Brief — Print the line containing "Jogos online para ganhar dinheiro de verdade", then every line after it through the end of the material, exactly as written and without pictures.

======== Given information

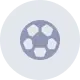 Varbergs BoIS FC
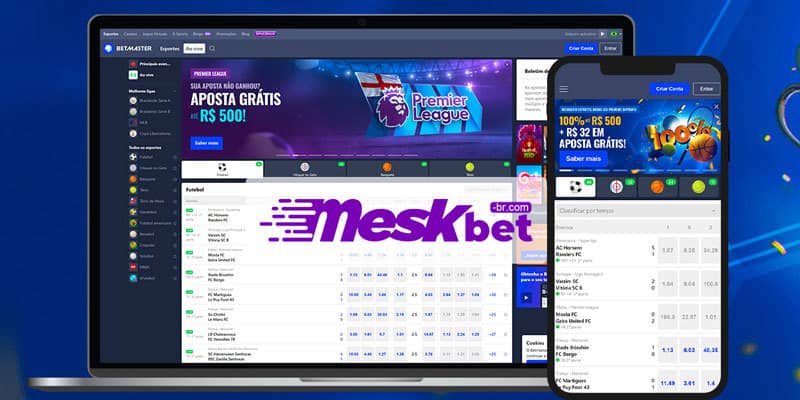Jogos online para ganhar dinheiro de verdade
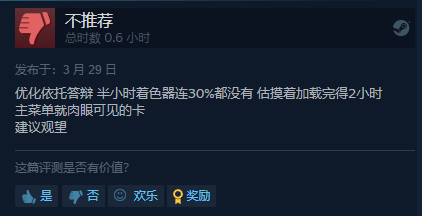 官宣了！Steam客户端将不再撑持Win7/8/8.1系统！三款好评如潮Steam高文！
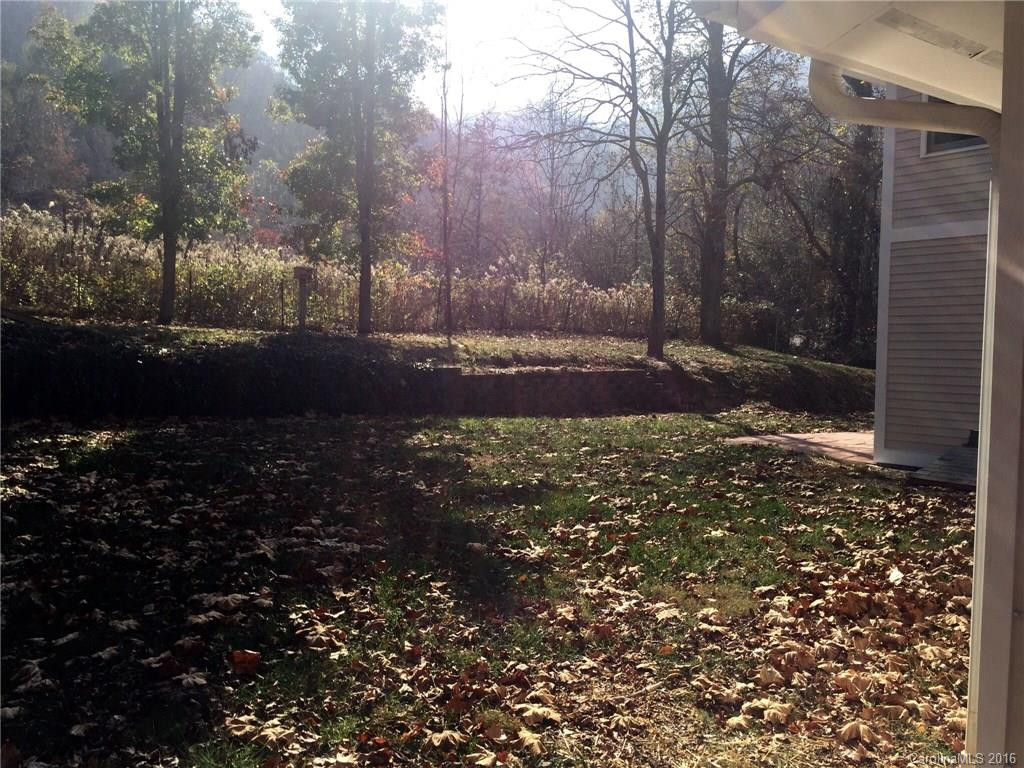 110 Sugar Cove Road - Photo 8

================

Response for this exercise —
Jogos online para ganhar dinheiro de verdade
 官宣了！Steam客户端将不再撑持Win7/8/8.1系统！三款好评如潮Steam高文！
 110 Sugar Cove Road - Photo 8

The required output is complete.